Monday, April 29, 2019

The Sephirot and the Thoth Tarot: The Numbers 9 and 10 in Relation to the Modern and the Postmodern

Regarding ages within Kali Yuga, then, we wonder if there is good reason to construe Modernity and Postmodernity as sub-ages, if we take these epochs to mean what they are usually taken to mean. There is some confusion regarding the terms here, but I assume that Modernity can be defined synonymously to "Modernism", as "a socially progressive trend of thought that affirms the power of human beings to create, improve and reshape their environment with the aid of practical experimentation, scientific knowledge, or technology" according to Wiki. Postmodernity, then, is the reaction against this which lead to the bleeding out of faith in reason, progress, objectivity and truth. These ages correspond - in the psychohistory model - to the rationalist and nihilist sub-aeons of the atheist aeon, respectively.

I have long ago speculated that there is an affinity between these two ages and the numbers 9 and 10 in number mysticism - I now wish to return to that thought and develop it.

In the Thoth Tarot by Aleister Crowley (designed by Frieda Harris), there is a great and curious symbolism regarding the numbers, from 1 to 10. The same can be said for other Tarot decks of course, but Thoth Tarot is the one I am most familiar with. As in a standard Tarot deck, there are 40 number cards, divided into four suites of 10 in accordance with the 10 Sephiroth of the Kabbala. The suites represent the elements of fire, earth, air and water. The 9's and 10's in this particular tarot deck look like this:



There is of course much that could be written about each and everyone of these cards, and for that purpose there are sources far better than this blog. Yet a shallow description of the cards suggests that they do have affinities for the ages mentioned above.

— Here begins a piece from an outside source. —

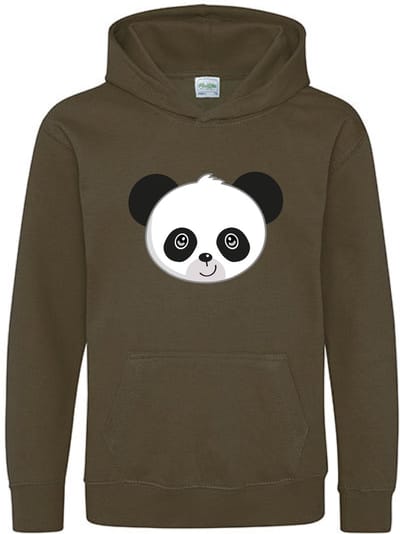 Pixeline Hoodie Panda Face olive 1-2 jaar - Pixeline - Trui - Stoer - Dier - Kinderkleding - Hoodie - Dierenprint - Animal - Kleding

For the number 9, we have:
9 of Wands - Strength.
9 of Disks - Gain.
9 of Cups - Happiness.
9 of Swords - Cruelty.

For the number 10, we have:
10 of Wands - Oppression.
10 of Disks - Wealth.
10 of Cups - Satiety.
10 of Swords - Ruin.

I will illustrate my point by briefly analysing the Wands and Swords cards in relation to the modernist and postmodernist eras (as is standard in Tarot, Wands represent fire, Disks represent earth, Cups represent water and Swords represent air).

9 of Wands represents a self-conscious strength, a force that knows itself, full of self-confidence and full of ambition. This relates well to the way Man believed, during the era of modernism, that his all-powerful will would conquer everything, whether in the realm of science, culture or the natural world.

10 of Wands represents a later stage where this all-conquering force has become imprisoned due to the fear that it would destroy everything in its path if it were not contained. This corresponds well to the contemporary fear of nationalism, fascism, masculinity and violence in all of its forms. Everything must be kept safe and harmless, because every instance of powerful self-assertion invokes the specter of masculine tyranny of some sort. The phenomenon of Trumpism is a reaction to this; whether it succeeds in liberating the fire element from its dungeon remains to be seen (so long as it is merely an echo of 9 of Swords, though, chances are that it will not).

9 of Swords stands for the "temperament of the inquisitor", also highly self-aware like the other 9's, but so removed from its source as to lack any higher direction. The mind, the intellect, in this situation, turns itself into God, and begins to weed out whatever it judges as evil in the garden of the world. Fanaticism, intolerance and persecution belong here, as does the most heartless forms of human and animal experimentation. This is where we find the totalitarian "big stories" of communism, nazism and the most dogmatic forms of scientific materialism.

10 of Swords reacts to the 9 by declaring all the big stories to be null and void and deconstructing truth itself as nothing more than a myth. Here, finally, reason turns on itself and the result is intellectual suicide, the breaking down of everything into parts, incoherence, madness.

Finally, when the Swords suite has reached the end the road, even the deconstructivist philosophers of 10 of Swords cannot defend their positions, since by their own definition their own truth claims are no better than anyone else's. At this point, a new "intellectual seed" - Ace of Swords is ready to be sown, initiating a new cycle of the element of air.

Likewise, when 10 of Wands has weakened itself so much that it is completely tamed, then it can no longer resist a new seed of action represented by Ace of Wands.

As Crowley also writes somewhere (I do not have the exact quote): When you reach the bottom, you suddenly find yourself at the top again. Thus in the Tarot at least the 10 is followed by the 1, or - if progress from one cycle to the next can be allowed for - by 11.